Captioned web images
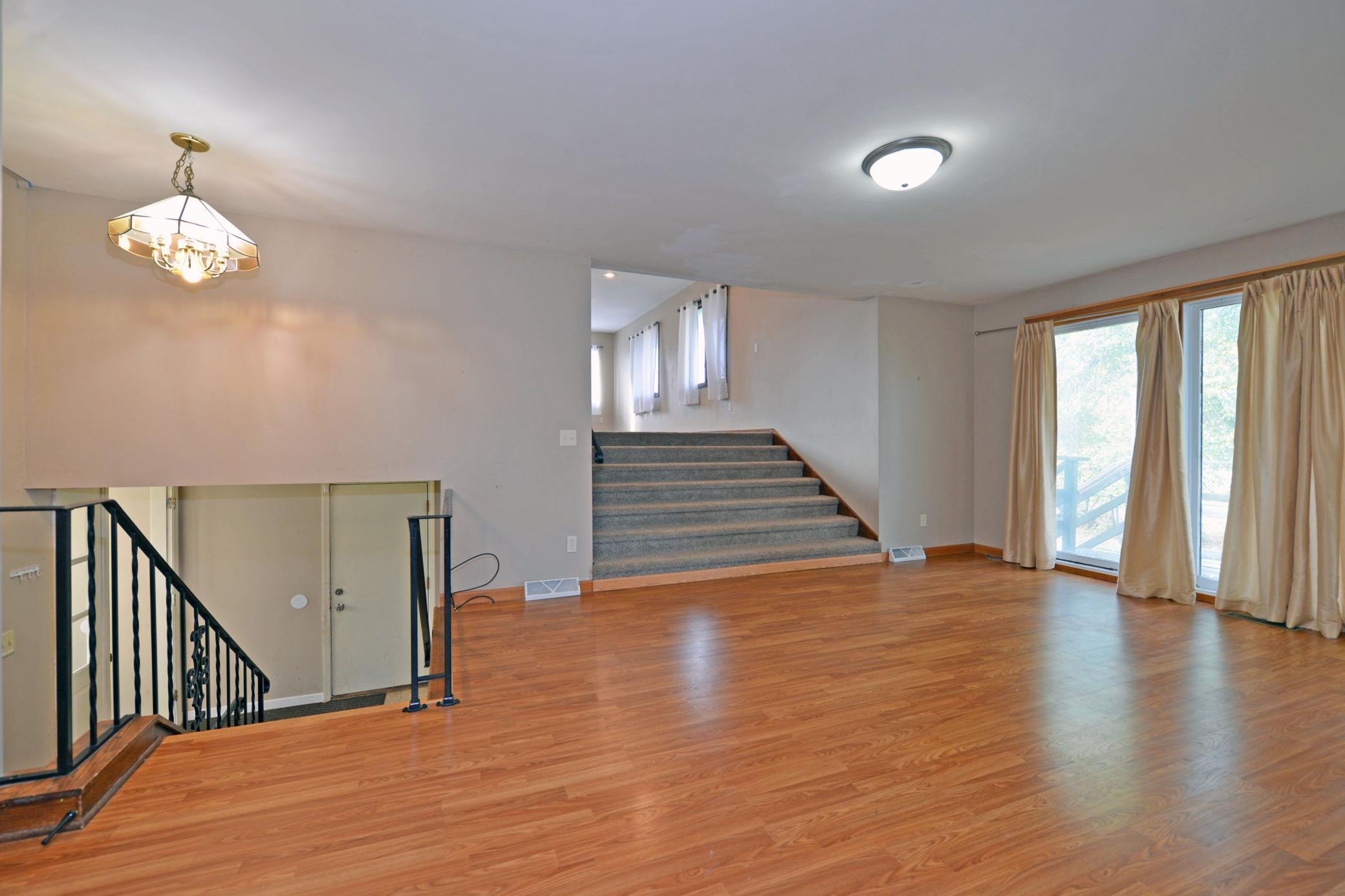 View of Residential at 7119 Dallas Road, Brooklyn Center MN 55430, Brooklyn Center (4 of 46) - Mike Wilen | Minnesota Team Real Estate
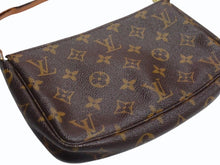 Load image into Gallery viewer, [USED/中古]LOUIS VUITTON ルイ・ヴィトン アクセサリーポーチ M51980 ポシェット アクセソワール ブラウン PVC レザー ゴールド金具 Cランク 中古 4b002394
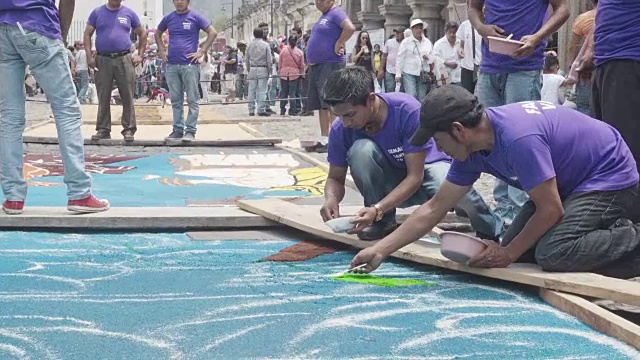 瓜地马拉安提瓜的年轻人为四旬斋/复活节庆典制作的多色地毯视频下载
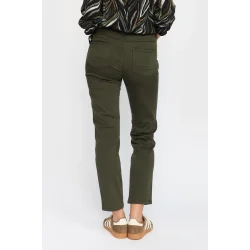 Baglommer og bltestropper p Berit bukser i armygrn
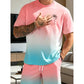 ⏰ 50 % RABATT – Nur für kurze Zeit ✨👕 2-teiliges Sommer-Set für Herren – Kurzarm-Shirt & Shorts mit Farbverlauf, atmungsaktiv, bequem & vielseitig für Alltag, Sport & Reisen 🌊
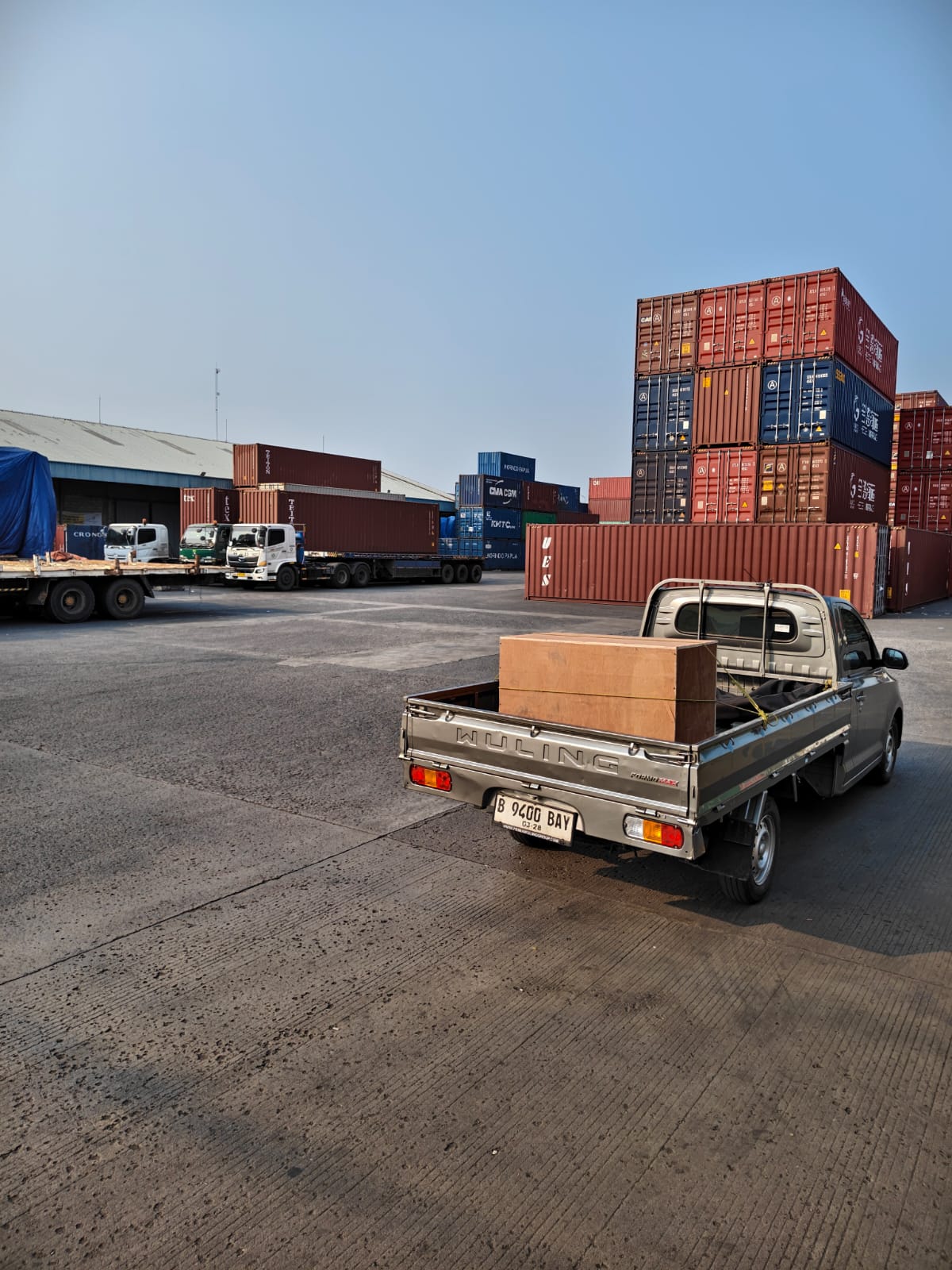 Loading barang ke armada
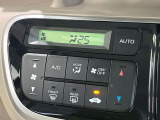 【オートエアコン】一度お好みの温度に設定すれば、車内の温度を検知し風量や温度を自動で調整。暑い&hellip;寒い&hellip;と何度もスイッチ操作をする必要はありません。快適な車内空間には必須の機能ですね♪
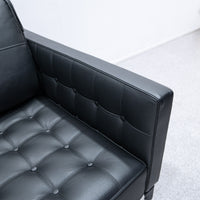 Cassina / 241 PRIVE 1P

Assignment —
Before answering, find the line with "Baglommer og bltestropper" in the records above; then reproduce exactly each line from the first through that line, leaving out pictures.

Completed task —
 View of Residential at 7119 Dallas Road, Brooklyn Center MN 55430, Brooklyn Center (4 of 46) - Mike Wilen | Minnesota Team Real Estate
 Load image into Gallery viewer, [USED/中古]LOUIS VUITTON ルイ・ヴィトン アクセサリーポーチ M51980 ポシェット アクセソワール ブラウン PVC レザー ゴールド金具 Cランク 中古 4b002394
 瓜地马拉安提瓜的年轻人为四旬斋/复活节庆典制作的多色地毯视频下载
 Baglommer og bltestropper p Berit bukser i armygrn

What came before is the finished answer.